オブジェクト・キャパビリティモデルの特徴

  • 双方向呼び出し をサポートし、クライアント・サーバー双方から呼び出し可能。
  • 関数参照渡し により、コールバック関数をRPC経由で渡し、リモートで実行可能。
  • オブジェクト参照渡し も可能で、 RpcTarget 継承クラスは参照としてリモートに渡せる。
  • Promiseパイプライン により、複数の依存RPCを1ラウンドトリップで実行可能。
  • キャパビリティベースのセキュリティ パターンに対応。

導入例

  • クライアント側は 1行で初期化 し、サーバーのメソッドを直接呼び出し可能。
  • サーバー側は RpcTarget継承クラス を用意し、HTTPハンドラでラップするだけのシンプル構成。
  • TypeScriptインターフェース を使い、クライアント・サーバー双方で型安全な実装が可能。

なぜRPCか?

  • RPC は、ネットワーク越しの関数呼び出しを、ローカルAPIのように扱える通信方式。
  • HTTP/REST ではリクエスト・レスポンスのパースや設計が必要だが、RPCはAPI設計に集中できる。
  • Promise/async/await の普及で、モダンな非同期RPCが実用的に。
  • プログラマの思考モデル に合致し、開発効率向上。

Cap'n Webの利用シーン

  • JavaScript同士のネットワーク通信 全般(クライアント・サーバー、マイクロサービス間など)。
  • 特に リアルタイム協調Webアプリ や、 複雑なセキュリティ境界 を持つ用途に最適。
  • 実験的・先進的なプロジェクト 向け。

主要機能詳細

  • HTTPバッチモード で、WebSocketを使わず一括RPC呼び出しが可能。
    • バッチ内で複数のRPCを一度に実行し、まとめてawait可能。
  • Promiseパイプライン で、依存するRPCをawaitせずにチェーン実行。
    • 返却オブジェクトのメソッドも即時呼び出し可能。
  • オブジェクト・キャパビリティによるセキュリティ
    • 例:authenticate()で認証済みセッションオブジェクトを返し、以降の操作はこのオブジェクト経由でのみ可能。
    • セッションの偽造が不可能で、認可漏れを防止。

TypeScriptとの連携

  • TypeScriptインターフェース を1つ定義し、クライアント・サーバー双方で型安全に利用。
  • 型補完・型検査 が効き、開発体験が向上。
  • ランタイム型チェックは未対応だが、Zod等の導入で補完可能。

GraphQLとの比較(抜粋)

  • GraphQLに類似した柔軟性 を持つが、 オブジェクト指向API設計 が可能。
  • 型安全・高表現力 を両立。

Cap'n Webは、 Web時代の新しいRPC として、 シンプルさ・柔軟性・型安全性 を兼ね備えた革新的な選択肢。 リアルタイム・セキュア・型安全 なAPI設計を求める開発者に最適。

Hackerたちの意見

これはOCapN [0]と似ているところもあれば、かなりの違いもあるね。
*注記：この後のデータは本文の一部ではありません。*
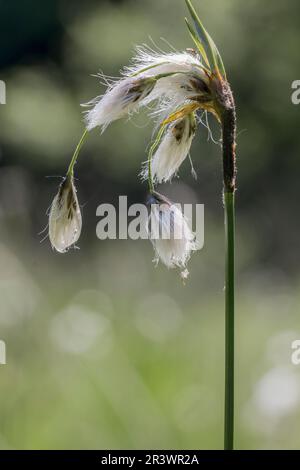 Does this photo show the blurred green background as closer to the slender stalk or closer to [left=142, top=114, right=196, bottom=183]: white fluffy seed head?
[left=142, top=114, right=196, bottom=183]: white fluffy seed head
能力の移転や約束のパイプラインは両方に含まれていて、どちらもスキーマレスなんだ。ただ、Cap'n Webは、OCapNが持っている堅牢参照(sturdyrefs)というURIの形でのバンド外能力がないのが特徴だと思う。この違いがあるから、例ではAPIキー認証が示されてるのかな。誰でもCap'n Webのエンドポイントに接続できるからね。OCapNでは、堅牢参照が推測できないトークンだから、それを持っていることで指定されたエンドポイントにメッセージを送る権限があるんだ。Cap'n Webは、アリスがボブをキャロルに紹介する機能、OCapNの「サードパーティハンドオフ」がないみたいだね。ハンドオフは分散アプリケーションには必要だから、Cap'n Webは伝統的なクライアントサーバーSaaS向けって感じかな、でも少しocapsも入ってる。 [0] https://ocapn.org/

将来的には3PHサポートを追加したいけど、初期リリースでは優先事項じゃなかったんだ。特にブラウザとウェブサーバーの通信を可能にすることに集中してたからね。堅牢参照は扱いが難しい。RPCプロトコル自体にはあまり適してない気がするんだ。堅牢参照を復元するメカニズムは、実行しているプラットフォームにかなり依存するから。例えば、Cloudflare Workersは、まもなくDurable Objectストレージに能力を保存できるようになるかもしれないけど、その仕組みはCloudflare Workersプラットフォームに非常に依存してるんだ。Sandstormも同様に、永続的な能力メカニズムを持ってたけど、それはSandstormの中でしか意味がなかったから、Cap’n Proto自体から永続的な能力の概念を削除したんだ。堅牢参照に関するウェブ標準に最も近いのはOAuthだと思う。OAuthのリフレッシュトークンに基づいて堅牢参照のメカニズムを定義するのも面白いけど、特定のプラットフォーム、例えばSandstormやWorkersの中では、実際には求められるものとは違うかもしれないね。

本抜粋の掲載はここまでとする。